We talked about how your projects tend to span around seven years. What really stood out to me was the thoughtfulness behind your commitment, how you evaluate whether a project truly deserves that level of time, sacrifice, and creative energy. Could you share what factors you consider before making that commitment, and why those considerations are essential for you to fully invest in the work?

I’ll start with my partner—my muse, my wife. If I don’t have her blessing, then any idea, concept, or project I’m considering simply isn’t going to happen. Period. Her support is fundamental to the success of my work. What we have extends far beyond traditional roles; it’s a shared commitment across every aspect of our lives. I back her, she backs me—completely. And if that alignment isn’t there, I know there’s a reason. That’s my cue to pause, listen, and really take in her perspective. That’s how we function.

Because of that connection, she has always been deeply instrumental in both the development and execution of my work. When I take on a long-term project—especially a book—we both have to be in a place where we can sustain it. This kind of work demands space, mentally and emotionally. So if she’s not fully behind it, I step back and reconsider. It’s not just my commitment—it’s ours.

At this point in my life, I also have to think about time in a very real way. I’m 53—which isn’t old—but it does sharpen your awareness. A long-form project can easily take five to ten years when you consider everything from concept to making the work, to producing the book, to promoting it afterward. If the next project takes seven years, I’m 60 by the time it’s complete. That reality forces a kind of honesty: How many more projects do I have in me? What do I want them to be? Time isn’t infinite, so the work has to matter.

And the truth is, I’m never the only one carrying a project. My wife, my children, even my close friends—they all experience it alongside me. The highs, the doubts, the setbacks. Even when I try to internalize the harder moments—self-doubt, rejection, the weight of not knowing—they feel it. That emotional presence doesn’t exist in isolation.

So I have to stay aware. I have to regulate how much of myself I give to the work. If the balance starts to slip, I have to ask difficult questions: What is this costing? Is it worth it? Because time and love are finite resources. When you give more to one thing, something else inevitably receives less.

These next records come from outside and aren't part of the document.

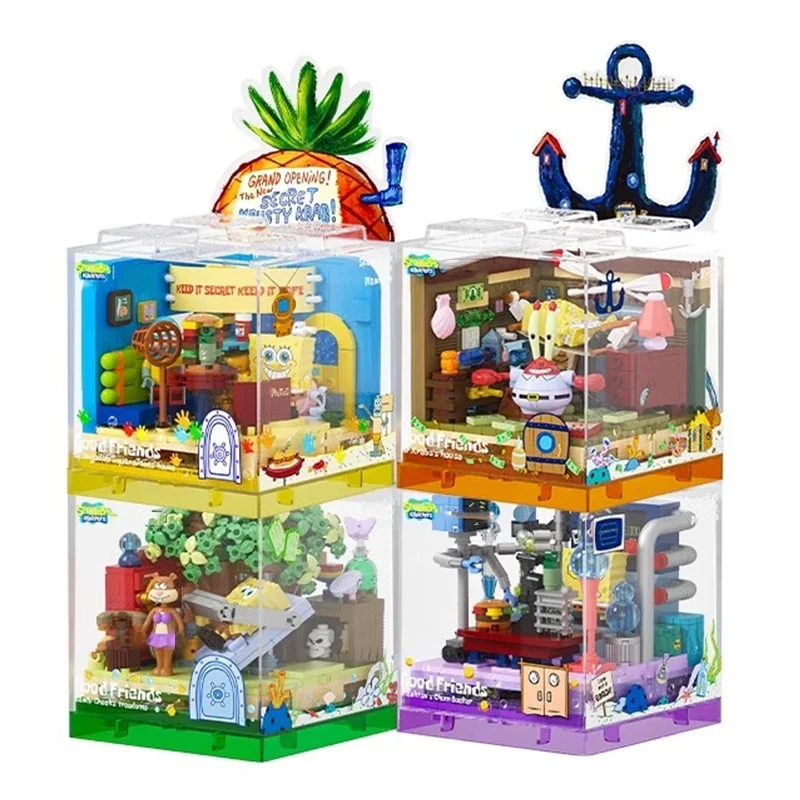 SpongeBob Budova blokuje Sandy Patrick Star Squidward Clony Zhromaždené hračky anime periférne postavy narodeniny darčeky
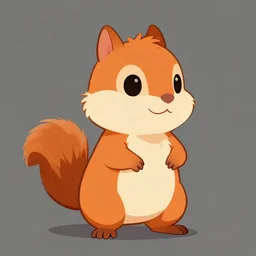 orange cute cartoon chipmunk, digital painting, simplified, artstation, concept art, smooth, sharp focus, illustration, Unreal Engine 5, 8K, art by artgerm and greg rutkowski and alphonse mucha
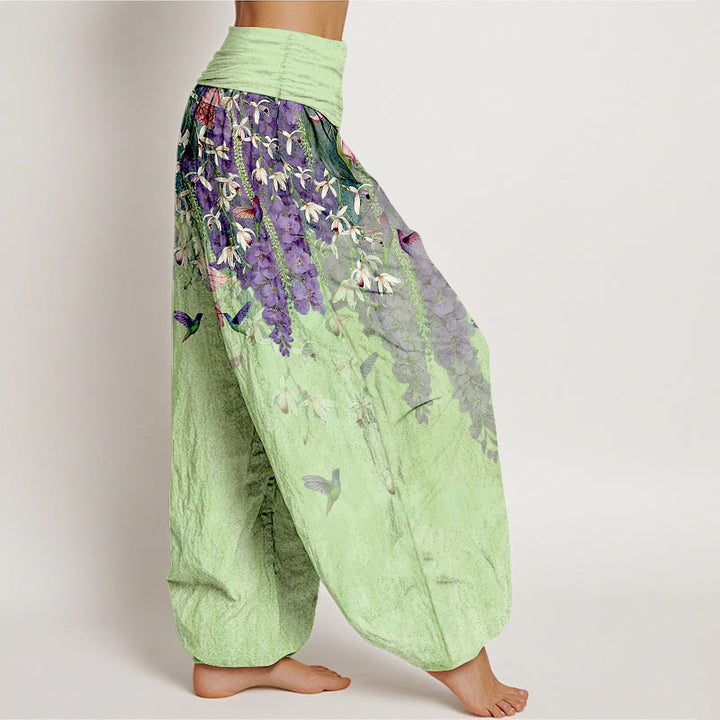 Buddha Stones Pantalones harén de algodón puro con estampado de orquídeas y cintura elástica para mujer - image 10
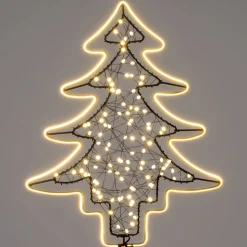 Intratuin kersthanger kerstboom zwart met verlichting 37 x 46 cm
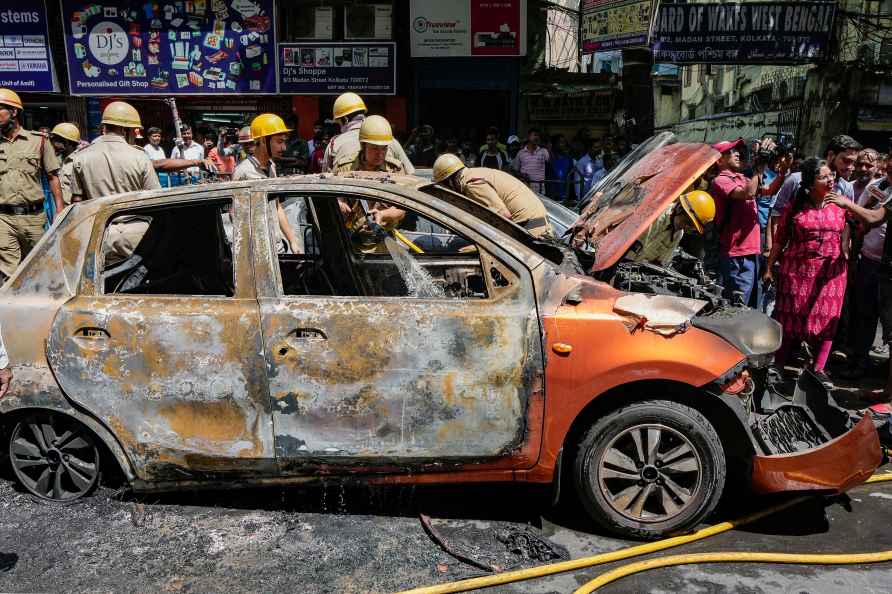 Parked car caught fire in Kolkata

In the end, the decision to commit isn’t just about the strength of an idea—it’s about the life around it. My partner, my children, my relationships, my time. All of that has to be considered before I’m willing to fully step into the work.

Could you talk about what led you to intentionally step away from making work for a year? You mentioned it allowed you to let go of the pressure to prove yourself, what was the internal dialogue that guided that decision, and how did it ultimately benefit you?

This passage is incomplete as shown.